Wednesday, December 2, 2009

Tasting Event: Pourtal - Cradle of Wine



Santa Monica's 7-month-old wine hang, Pourtal, kicked off their December program with a pouring party Tuesday night.  Featured were the distributors of all the wines to be spotlighted during the month of December.  The wines are part of the "Cradle of Wine" series, in which Pourtal will take an in-depth look at - and taste of - wines from the Republic of Georgia, Israel, Lebanon, Bosnia and Croatia.  Representatives of the distributors who bring these wines to the U.S. will pour and talk about them, as they did Tuesday night.


The event to kick off the series found the room in party mode, with a friendly and boisterous crowd filling the area.  In addition to the "Cradle of Wine" tastes, also available were the samples from the Enomatic wine system, which delved into other areas.  Since they are available all the time, I decided to stick with the wines being poured by the distributors.

The Republic of Georgia was represented by Greg Alonzo of Terrell Wines.  He boasted that Georgia is the birthplace of wine, since the region's winemaking is traced back around 8,000 years.  Alonzo told me "Georgia has around 500 grape varieties, but only 38 are grown for commercial viticulture."  My favorite of the four Georgian wines Alonzo poured was the Mildiani Saperavi.  Saperavi is the most important red wine grape grown in the republic, and produces a hearty and distinctive wine that would probably appeal to most American wine lovers.  I thought there was a strong resemblance to Zinfandel in this wine.  The Teliani Valley Khvanchkara was also a hit with me.  Made from Alexandria & Mudzhuretuli grapes, this semi-sweet red had a beautiful bouquet and was all about raspberries.  I had the semi-sweet white as well.  The Teliani Valley Tvishi is made from Tsolikauri grapes and is floral on the nose with a refreshing minerality to edge the moderate sweetness.

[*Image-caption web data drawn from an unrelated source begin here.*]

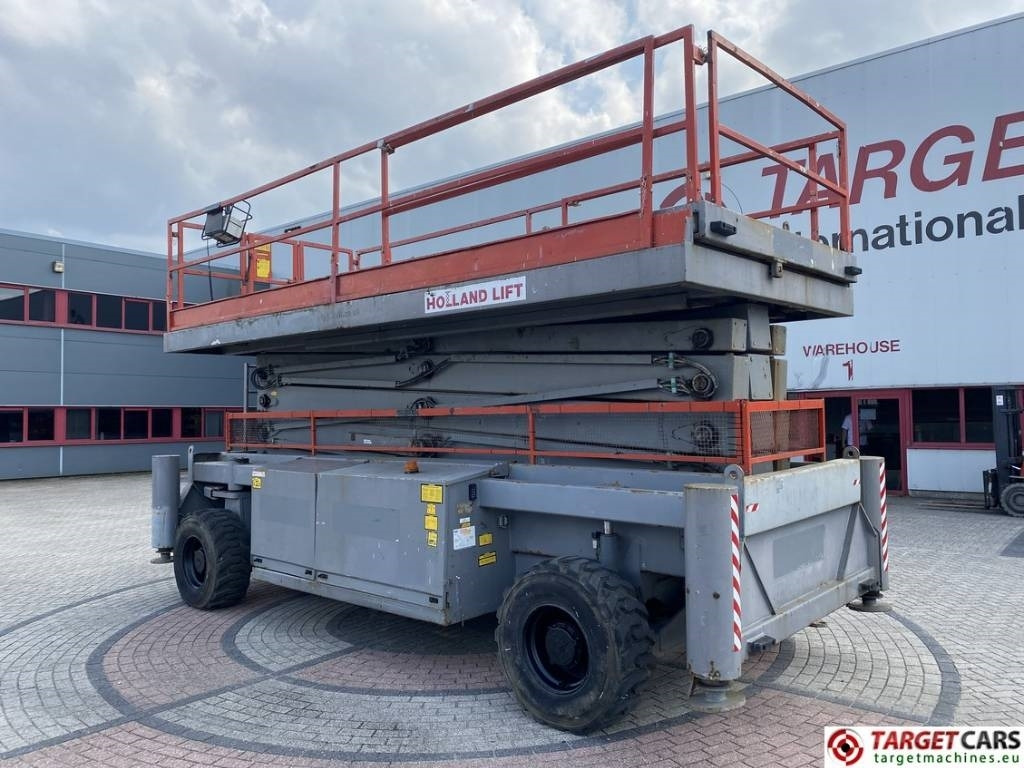 Holland Lift Combistar M-250DL27 diesel scissor worklift 27.20M - رافعة هيدروليكية مقصية: صورة 4 Holland Lift Combistar M-250DL27 diesel scissor worklift 27.20M - رافعة هيدروليكية مقصية: صورة 4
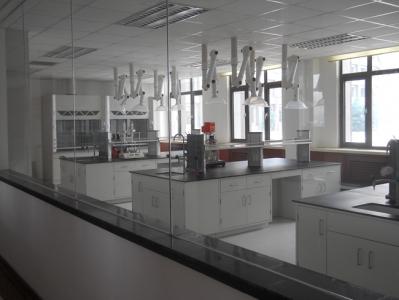 全鋼實(shí)驗(yàn)臺(tái)-03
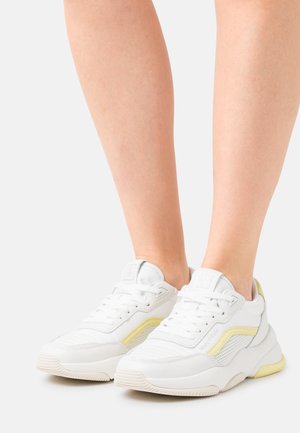 MIKA - Joggesko - white/lemon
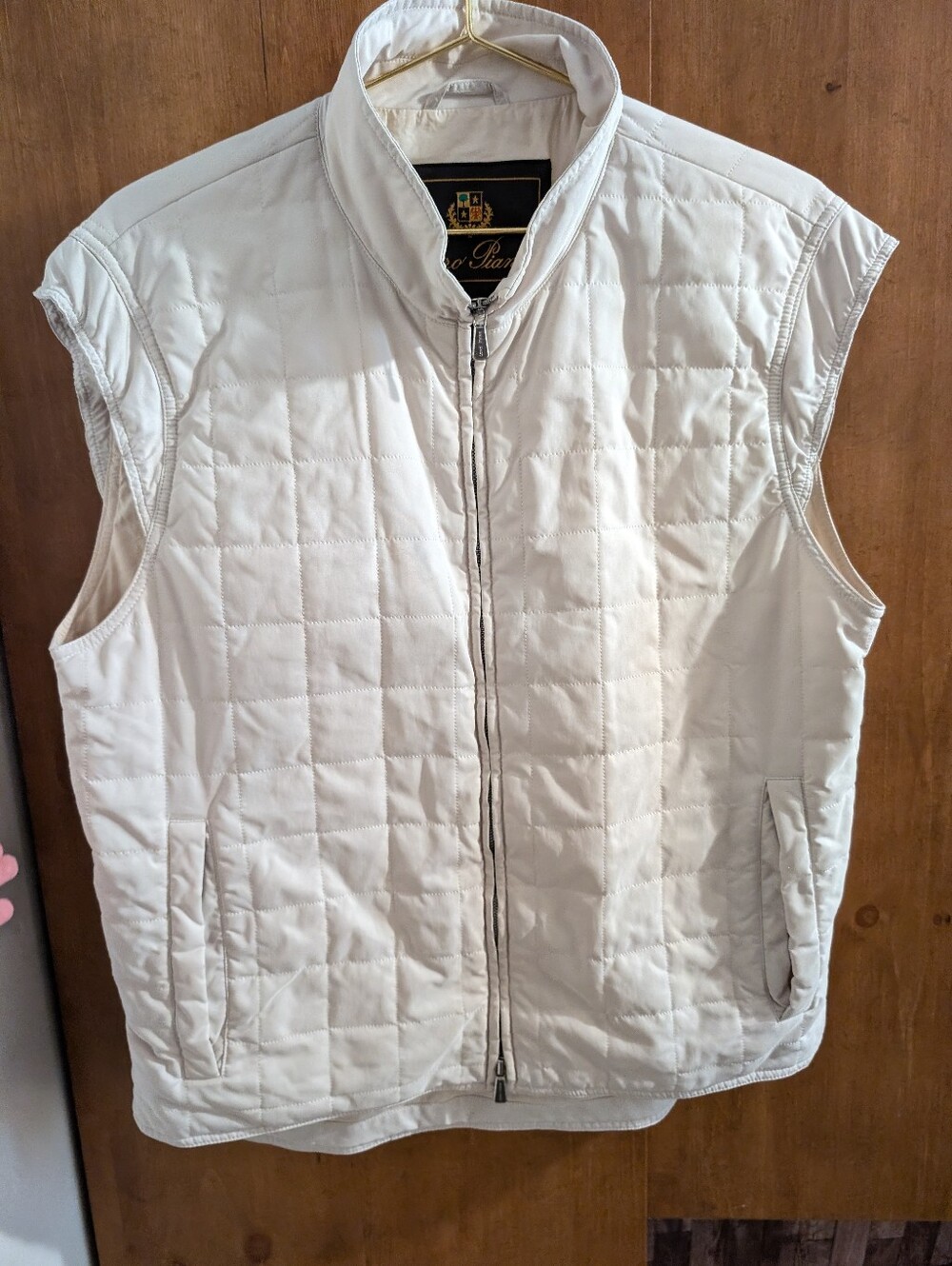 Women's Loro Piana Quilted Sleeveless Vest Cream Quiet Luxury Classic XL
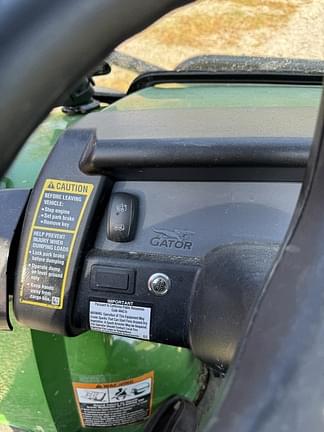 Image of John Deere XUV 625i equipment image 3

Israel's wine industry was represented by Rob Fogarty of Yarden Wines.  Fogarty poured a very nice 2008 Golan Heights Moscato that held some nice effervescence along with the sweetness.  It was quite refreshing, and could work well before or after dinner.  There were also two from Israeli Wines Direct which I did not get the chance to sample.



A wine from Bosnia and one from the Dalmation Coast of Croatia were poured by Michael Morales of the Blue Danube Wine Company.  The 2007 Citluk "Herceg" was the Bosnian entry.  Made from Zilavka, Bena and Krkosija grapes, this white wine was light and a little bit sweet on the finish.  The 2007 Bibich Riserva is made from grapes - Babich, Plavina and Lasin - which are related to Zinfandel.  That doesn't surprise, since Zinfandel's roots come from Croatia.  The dark fruit and peppery highlights seemed right at home in California.

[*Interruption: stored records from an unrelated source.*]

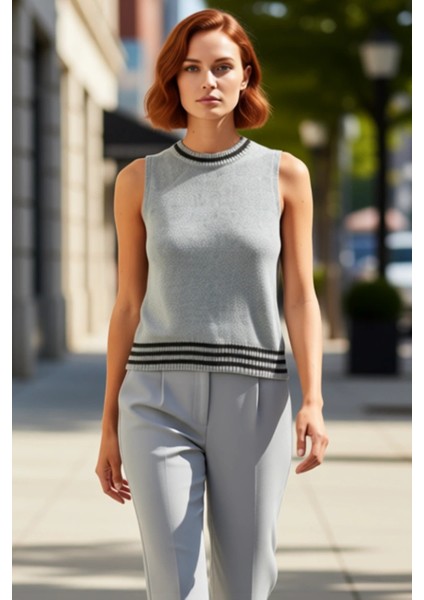 Kadın Bisiklet Yaka Triko Kolsuz Üst Şıklık ve Konfor Bir Arada Kaliteli Şık Rahat Modern Zarif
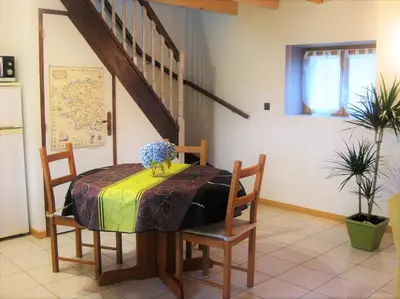 Coin salon dans l'établissement La Clef des Champs, gîte à la ferme au pied des vignes, Finistère sud !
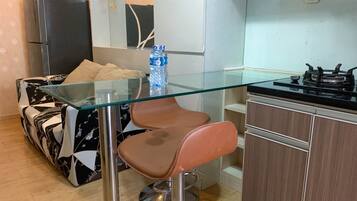 Apartemen Deluks (queenbed) | Dapur pribadi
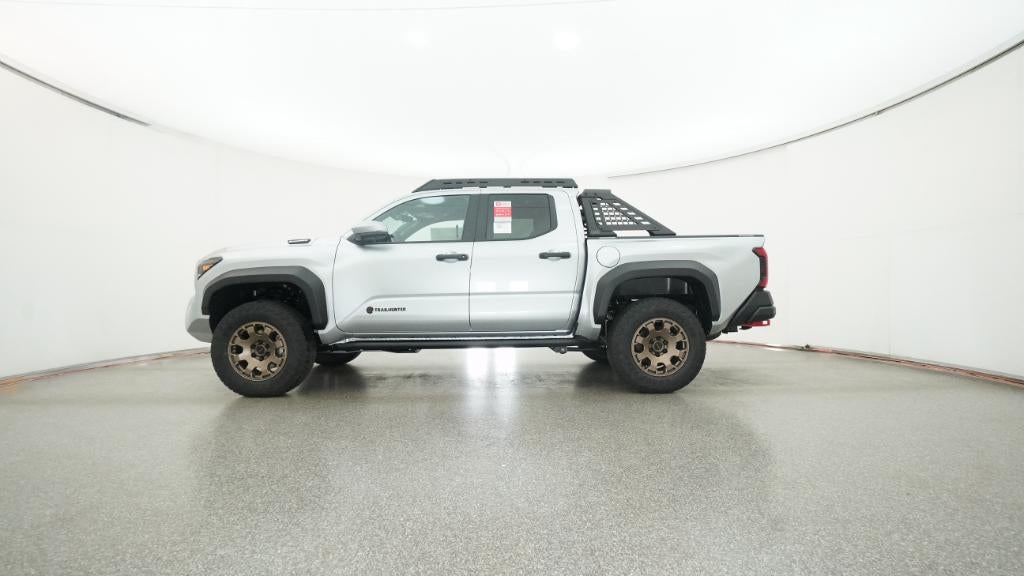 2025 Toyota Tacoma i-FORCE MAX Tacoma Trailhunter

I have saved the most unusual for last.  Going into this event, I expected to find many different and unusual tastes.  This was largely not the case, as many of the wines I sampled seemed designed for an American palate.  The Lebanese wines offered a healthy dose of that "different" I was expecting.  The three wines from Chateau Musar were highlighted by stories of winemaker Serge Hochar growing Cabernet on a hillside just outside Beirut; skipping vintages due to war raging right around the property; and having difficulty getting enough labor to work the land and harvest the grapes because of the danger.  With all that stood in the way, it's no wonder the wines produced here were a labor of love.


The Cuvee White is made of Obaideh and Merwah grapes, which would translate loosely to Chardonnay and Semillon.  It has a musty funkiness that rivals any Sauvignon Blanc I've tasted, but without the acidic edge.  The Cuvee Rouge is made from Cabernet Sauvignon, Cinsault and Carignane, always in equal measure.  The Hochar Pere et Fils is the winemaker's response to a request from the distributor for something "a little more sellable."  These wines are very distinctive, to a fault, perhaps.  They are not for everyone's palate, but if you're looking for a wine adventure, they certainly qualify.


All in all, Pourtal got the month - and the "Cradle of Wine" series - off to a rousing start.  December is jam-packed with events - there are at least six in a ten-day span - so check their calendar to plan your favorites.  The people behind Pourtal are as friendly as they can be.  If the music is too loud when you are there, ask them to adjust it.  No doubt they will be happy to oblige.  

Stephen Abronson, the proprietor has put together a good room and wine director Rachel Bryan has made some good choices in the wine dispensers.  Small plates are served, with a great cheese selection from Andrew's Cheese Shop and hand-crafted flatbreads from Full Of Life.  Their Autumn Salad was delicious.  There's a small outdoor patio in front with some heaters, in case your party would like to people-watch along the boulevard.